These ideas were carried on to an in vivo model by Koga et al. [39]. The authors transplanted MSCs derived from bone marrow, synovial membrane, adipose tissue, or muscle tissue, mixed in a collagen gel and covered with a periosteal patch, into rabbit cartilage defects. After four weeks, rabbits transplanted with BM and synovial membrane had superior cartilage matrix within the defect.

Tissue from the synovial membrane can be harvested from the knee during arthroscopy with minimal complications. Synovial tissue has high self-regenerative capability, as show by its ability to fully heal after synovectomy in animals [40,41].

Adipose tissue

Adipose-derived stromal cells have been studied more recently. They are more readily available than bone marrow derived stem cells, which involves aspiration of bone marrow cells in a procedure that has risks and complications. Under specific and controlled culture conditions, adult human adipose tissue can be induced to express the phenotypic characteristics of chondrocytes, osteoblasts, adipocytes, or neurons [42-45].
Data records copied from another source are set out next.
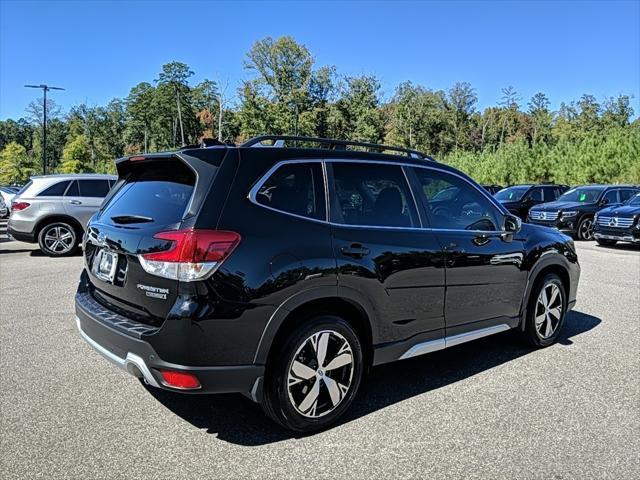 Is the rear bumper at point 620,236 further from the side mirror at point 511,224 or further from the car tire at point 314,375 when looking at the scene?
the car tire at point 314,375

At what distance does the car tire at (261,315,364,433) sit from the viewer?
3.12 meters

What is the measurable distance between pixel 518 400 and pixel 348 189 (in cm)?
206

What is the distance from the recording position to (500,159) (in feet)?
126

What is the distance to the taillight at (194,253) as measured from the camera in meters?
2.83

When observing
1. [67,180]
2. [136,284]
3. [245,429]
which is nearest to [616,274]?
[245,429]

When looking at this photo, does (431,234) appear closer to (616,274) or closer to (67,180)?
(616,274)

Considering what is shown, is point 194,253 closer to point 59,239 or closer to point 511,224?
point 511,224

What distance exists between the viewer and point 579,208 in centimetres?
1667

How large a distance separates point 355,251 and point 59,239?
10127 millimetres

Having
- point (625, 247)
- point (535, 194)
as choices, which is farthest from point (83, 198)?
point (535, 194)

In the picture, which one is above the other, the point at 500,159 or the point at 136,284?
the point at 500,159

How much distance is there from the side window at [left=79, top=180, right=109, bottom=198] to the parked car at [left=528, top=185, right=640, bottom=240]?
533 inches

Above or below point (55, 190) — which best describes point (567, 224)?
below

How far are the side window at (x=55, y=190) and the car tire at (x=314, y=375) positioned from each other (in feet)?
33.5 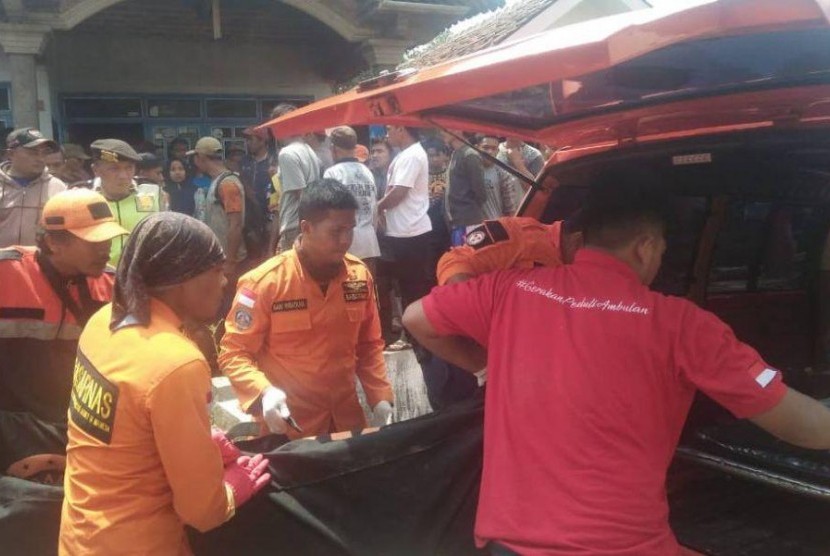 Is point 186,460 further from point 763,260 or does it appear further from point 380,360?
point 763,260

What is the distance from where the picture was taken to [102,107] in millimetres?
11914

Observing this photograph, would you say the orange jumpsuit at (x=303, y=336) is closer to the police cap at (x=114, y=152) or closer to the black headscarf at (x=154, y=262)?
the black headscarf at (x=154, y=262)

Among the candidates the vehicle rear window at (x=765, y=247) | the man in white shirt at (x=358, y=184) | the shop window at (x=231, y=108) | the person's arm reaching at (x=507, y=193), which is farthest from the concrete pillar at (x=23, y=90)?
the vehicle rear window at (x=765, y=247)

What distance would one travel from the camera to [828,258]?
3.23 metres

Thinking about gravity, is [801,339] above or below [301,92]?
below

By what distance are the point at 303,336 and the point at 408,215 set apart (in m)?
3.64

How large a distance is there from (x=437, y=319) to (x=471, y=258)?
46 cm

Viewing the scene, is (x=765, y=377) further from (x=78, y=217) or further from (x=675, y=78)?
(x=78, y=217)

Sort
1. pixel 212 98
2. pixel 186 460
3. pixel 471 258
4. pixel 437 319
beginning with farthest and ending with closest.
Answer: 1. pixel 212 98
2. pixel 471 258
3. pixel 437 319
4. pixel 186 460

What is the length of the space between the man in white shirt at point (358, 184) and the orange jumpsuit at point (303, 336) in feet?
9.18

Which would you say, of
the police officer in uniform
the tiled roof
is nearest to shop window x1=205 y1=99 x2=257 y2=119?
the tiled roof

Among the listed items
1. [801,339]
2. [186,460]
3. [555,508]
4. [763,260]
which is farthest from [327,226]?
[801,339]

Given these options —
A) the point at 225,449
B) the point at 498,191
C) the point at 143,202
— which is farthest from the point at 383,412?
the point at 498,191

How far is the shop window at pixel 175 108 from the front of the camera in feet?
40.1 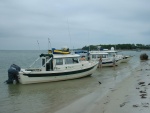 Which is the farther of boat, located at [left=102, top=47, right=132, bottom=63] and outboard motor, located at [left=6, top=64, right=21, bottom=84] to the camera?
boat, located at [left=102, top=47, right=132, bottom=63]

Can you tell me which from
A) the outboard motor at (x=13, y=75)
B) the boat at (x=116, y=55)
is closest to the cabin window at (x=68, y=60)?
the outboard motor at (x=13, y=75)

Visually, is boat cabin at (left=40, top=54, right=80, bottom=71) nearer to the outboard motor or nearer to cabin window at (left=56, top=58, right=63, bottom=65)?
cabin window at (left=56, top=58, right=63, bottom=65)

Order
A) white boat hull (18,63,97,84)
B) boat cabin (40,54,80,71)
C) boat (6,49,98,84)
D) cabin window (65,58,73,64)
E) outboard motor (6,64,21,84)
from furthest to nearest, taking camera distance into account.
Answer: cabin window (65,58,73,64) < boat cabin (40,54,80,71) < outboard motor (6,64,21,84) < boat (6,49,98,84) < white boat hull (18,63,97,84)

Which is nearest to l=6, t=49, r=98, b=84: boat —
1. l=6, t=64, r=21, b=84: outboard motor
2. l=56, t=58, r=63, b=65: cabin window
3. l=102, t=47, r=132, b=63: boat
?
l=56, t=58, r=63, b=65: cabin window

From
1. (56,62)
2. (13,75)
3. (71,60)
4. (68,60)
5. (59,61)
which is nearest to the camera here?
(13,75)

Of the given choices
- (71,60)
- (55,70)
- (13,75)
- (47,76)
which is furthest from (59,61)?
(13,75)

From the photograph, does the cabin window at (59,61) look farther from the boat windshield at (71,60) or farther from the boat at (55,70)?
the boat windshield at (71,60)

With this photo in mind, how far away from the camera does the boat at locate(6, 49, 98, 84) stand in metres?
20.0

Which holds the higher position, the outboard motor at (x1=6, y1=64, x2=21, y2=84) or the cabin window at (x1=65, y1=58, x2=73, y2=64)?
the cabin window at (x1=65, y1=58, x2=73, y2=64)

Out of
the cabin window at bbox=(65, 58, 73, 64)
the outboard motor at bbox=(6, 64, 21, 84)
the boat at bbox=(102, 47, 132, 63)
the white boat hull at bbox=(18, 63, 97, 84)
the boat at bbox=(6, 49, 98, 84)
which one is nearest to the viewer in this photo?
the white boat hull at bbox=(18, 63, 97, 84)

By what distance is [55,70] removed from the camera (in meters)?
21.2

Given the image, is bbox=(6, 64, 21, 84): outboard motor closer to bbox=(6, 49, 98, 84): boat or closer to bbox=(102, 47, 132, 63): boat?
bbox=(6, 49, 98, 84): boat

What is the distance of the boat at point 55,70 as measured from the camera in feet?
65.5

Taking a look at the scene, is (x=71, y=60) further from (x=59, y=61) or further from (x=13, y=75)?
(x=13, y=75)
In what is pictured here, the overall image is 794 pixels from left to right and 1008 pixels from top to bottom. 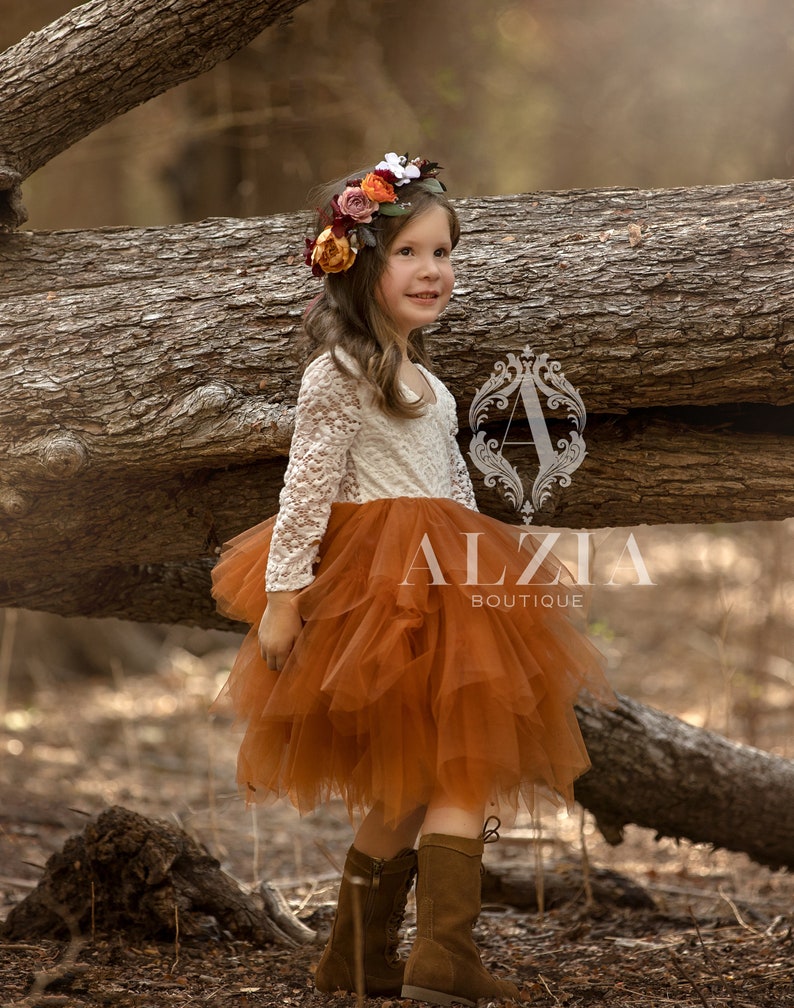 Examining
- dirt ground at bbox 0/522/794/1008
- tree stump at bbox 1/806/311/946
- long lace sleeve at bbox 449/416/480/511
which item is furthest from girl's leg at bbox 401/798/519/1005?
tree stump at bbox 1/806/311/946

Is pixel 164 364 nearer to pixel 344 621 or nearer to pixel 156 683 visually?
pixel 344 621

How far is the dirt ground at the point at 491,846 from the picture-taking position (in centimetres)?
256

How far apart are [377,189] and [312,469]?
0.66 metres

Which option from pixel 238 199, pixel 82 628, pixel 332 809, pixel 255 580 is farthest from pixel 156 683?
pixel 255 580

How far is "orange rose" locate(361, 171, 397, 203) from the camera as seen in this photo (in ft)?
7.71

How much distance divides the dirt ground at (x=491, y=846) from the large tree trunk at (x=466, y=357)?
52 cm

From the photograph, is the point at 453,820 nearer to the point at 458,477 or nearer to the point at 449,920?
the point at 449,920

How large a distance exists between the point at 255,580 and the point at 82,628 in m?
5.58

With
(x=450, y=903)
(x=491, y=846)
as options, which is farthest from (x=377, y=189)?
(x=491, y=846)

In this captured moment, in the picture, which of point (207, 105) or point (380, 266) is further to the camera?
point (207, 105)

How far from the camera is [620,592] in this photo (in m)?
9.25

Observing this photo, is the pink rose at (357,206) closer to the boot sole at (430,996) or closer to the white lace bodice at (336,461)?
the white lace bodice at (336,461)

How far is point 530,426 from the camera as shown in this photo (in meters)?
2.81

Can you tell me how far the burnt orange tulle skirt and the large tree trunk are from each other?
51 cm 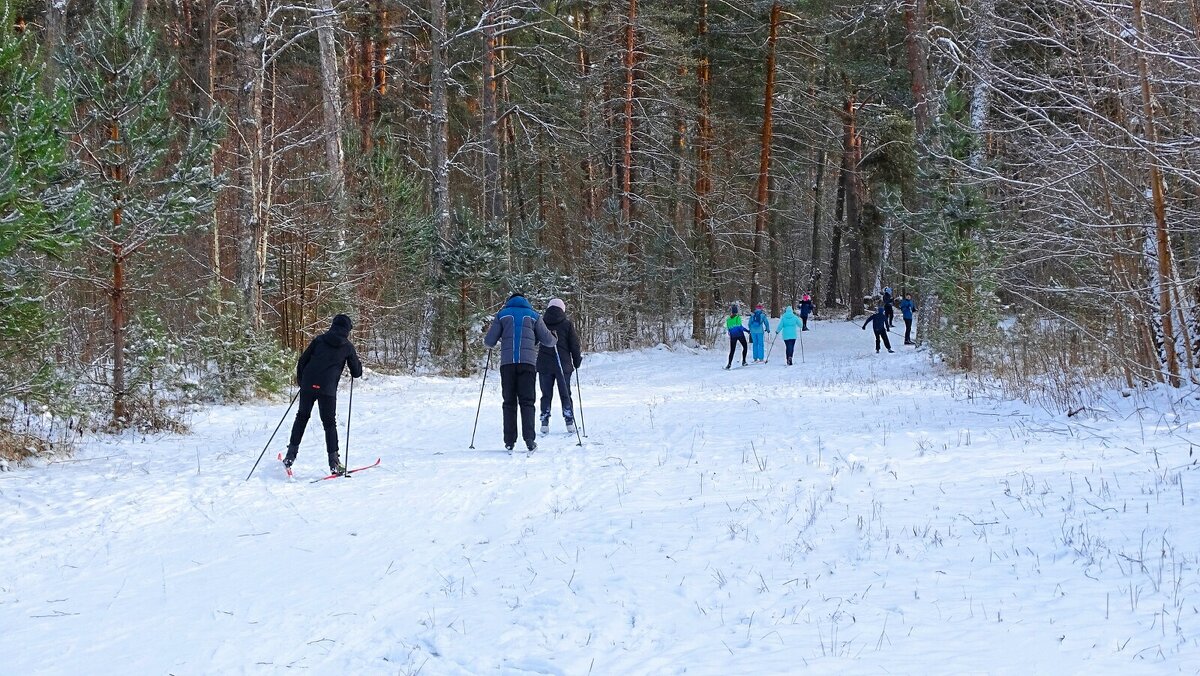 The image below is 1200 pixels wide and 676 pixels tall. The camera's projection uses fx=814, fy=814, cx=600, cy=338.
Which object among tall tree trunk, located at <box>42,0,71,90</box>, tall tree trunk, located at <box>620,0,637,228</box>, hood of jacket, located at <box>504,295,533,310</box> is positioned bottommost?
hood of jacket, located at <box>504,295,533,310</box>

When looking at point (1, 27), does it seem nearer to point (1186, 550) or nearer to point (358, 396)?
point (358, 396)

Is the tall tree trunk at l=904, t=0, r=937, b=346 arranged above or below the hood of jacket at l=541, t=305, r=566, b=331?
above

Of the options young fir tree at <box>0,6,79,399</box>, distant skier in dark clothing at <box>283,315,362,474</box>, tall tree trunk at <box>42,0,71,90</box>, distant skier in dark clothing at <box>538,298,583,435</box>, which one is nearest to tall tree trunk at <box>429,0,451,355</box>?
tall tree trunk at <box>42,0,71,90</box>

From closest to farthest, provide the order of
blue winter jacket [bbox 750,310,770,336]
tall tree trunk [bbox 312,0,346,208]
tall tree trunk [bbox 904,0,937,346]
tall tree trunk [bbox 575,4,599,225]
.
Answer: tall tree trunk [bbox 312,0,346,208]
tall tree trunk [bbox 904,0,937,346]
blue winter jacket [bbox 750,310,770,336]
tall tree trunk [bbox 575,4,599,225]

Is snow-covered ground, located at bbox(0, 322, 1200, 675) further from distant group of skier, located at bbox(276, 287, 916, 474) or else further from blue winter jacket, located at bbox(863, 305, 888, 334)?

While the tissue described as fat, apidose, or lipoaspirate can often be lumped together for simplicity, adipose tissue obtained from subcutaneous fat and Infrapatellar Fat Pad (IFP) differ. The IFP is a heterogeneous and fibrous structure, and histologic studies show that much of the fat pad is dense collagenous tissue [46]. However, the IFP contains the cell surface markers used to identify MSCs, although they are not identical to those of subcutaneous fat or bone marrow derived stromal cells. This may be a reflection of the significant numbers of fibroblasts since it can be described as dense connective tissue. As such, some authors [38] refer to the IFP as adipose synovium. Overall, it is important to consider that although subcutaneous fat and IFP may be described synonomously, the two tissues may have different properties and produce differences in chondrogenesis.

Infrapatellar fat pad

There are many advantages of IFP as the source of MSCs. In humans, obtaining IFP tissue may be more feasiable in certain patients. IFP resection is well tolerated in patients undergoing total knee arthroplasty, as the fat pad is easy to resect and is no longer necessary following replacement. Additionally, patients with chronic fat pad impingement and fibrosis (Hoffa’s disease) undergo complete resection of the IFP as treatment for their disease process. Despite the ease of access to the IFP, both of these patient populations may have unhealthy cells given the chronicity of their disease. In young, active patients, resection of the fat pad is invasive. An important part of the surgical technique is to maintain the anterior capsular layer. Partial resection is often completed during arthroscopy to enhance visualization, and thus this option may be feasible in patients already undergoing surgery [47]. In fact, in patients with osteochondral defects, diagnostic or therapeutic arthroscopy may be the ideal time to obtain tissue since there is minimal additional morbidity associated with obtaining this tissue. Further, it may be possible to perform a biopsy of the IFP in order to obtain mesenchymal stem cells to treat young patients.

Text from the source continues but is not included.